Mas isto não significa, naturalmente, que não existe mais um “projetista” ou “propósito” em um sentido último, nem que a evolução significa ateísmo. Simplesmente existem questões nas quais a ciência não é competente para responder. Portanto, é uma convenção metodológica na ciência não se referir a Causas Primeiras (Deus), mas se ater a causas imediatas.
Assim, enquanto o reducionismo metodológico é teologicamente benigno, novas propriedades emergentes que podem surgir na explicação da organização dos componentes podem ser facilmente omitidas ao se considerar apenas o nível de componentes. Isto é um lembrete de que a explicação reducionista, tomada isoladamente, sempre está sujeita a ser incompleta.

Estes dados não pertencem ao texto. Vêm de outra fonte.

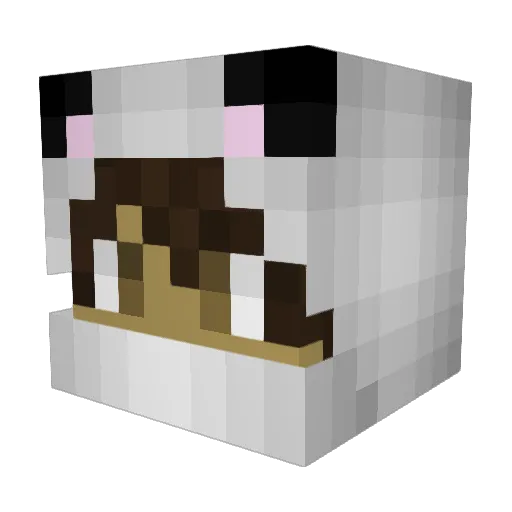 twannyboy16 Minecraft avatar head, 3D render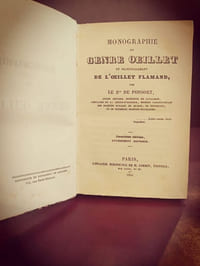 Monographie du genre oeillet et principalement de l'oeillet flamand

Reducionismo epistemológico
“Reducionismo epistemológico pode ser descrito como sendo a visão de que, se as teorias e leis experimentais formuladas em um campo da ciência (e.g. biologia, psicologia, sociologia) se mostram casos especiais de teorias e leis formuladas em algum outro ramo da ciência (e.g. química física, biologia ou neurociências), diz-se, então, que o conjunto anterior de teorias e leis experimentais é reduzido ao último.”14
A epistemologia diz respeito à natureza, aos fundamentos da crença e do conhecimento, àquilo que podemos conhecer e como conhecemos. Já vimos a ideia de que, caso se considere que um gás consiste em um grande conjunto de moléculas em um movimento aleatório contínuo, pode se entender que a pressão de gás surge de bombardeios contínuos dessas moléculas nas paredes do vaso de contenção. Se, entretanto, outros pressupostos forem feitos (que as moléculas não ocupam espaço e que nenhuma energia é perdida quando colidem, é possível derivar uma lei comum da física) a lei do gás de Boyle15 (sem mesmo ir ao laboratório para fazer um experimento). Isto ilustra como uma teoria em nível mais alto (pressão de gás) pode ser reduzida a uma teoria em um nível mais baixo (partículas em movimento), que é a essência do reducionismo epistemológico. Mais uma vez, como no reducionismo metodológico, isto representa um auxílio significativo em nosso entendimento do mundo e não apresenta qualquer desafio à crença religiosa.
Reducionismo ontológico
“Por causa do sucesso do reducionismo metodológico como procedimento de pesquisa, muitos cientistas, que acham tais métodos uma necessidade e bem-sucedidos, veem as entidades que estão estudando como ‘nada a não ser’ seus componentes. Sistemas biológicos nesta visão ‘não são nada além de’ padrões complexos de átomos e moléculas. Certamente, poderíamos concordar que eles consistem de átomos e moléculas. Muitos, porém, prosseguiriam para sugerir (e esta é uma transição significativa) que não há nada mais que valeria a pena ser dito.”16
“Ontologia”, derivada da palavra grega para “ser”, é o estudo daquilo que existe. A frase reducionismo ontológico é conferida à visão de que não apenas sistemas complexos podem ser descritos em termos de seus componentes, mas que, ao assim fazê-lo, tudo que vale a pena ser dito sobre eles tem sido dito. Isto vai muito além de ser um princípio metodológico. É uma posição filosófica que não está implicada pelo princípio; é uma crença metafísica que, por isso, às vezes é chamada pelo nome alternativo de reducionismo metafísico17. Em nosso exemplo anterior, seria claramente muito diferente de dizer “Este livro não é nada além de carbono em celulose” do que dizer “Este livro é carbono em celulose”.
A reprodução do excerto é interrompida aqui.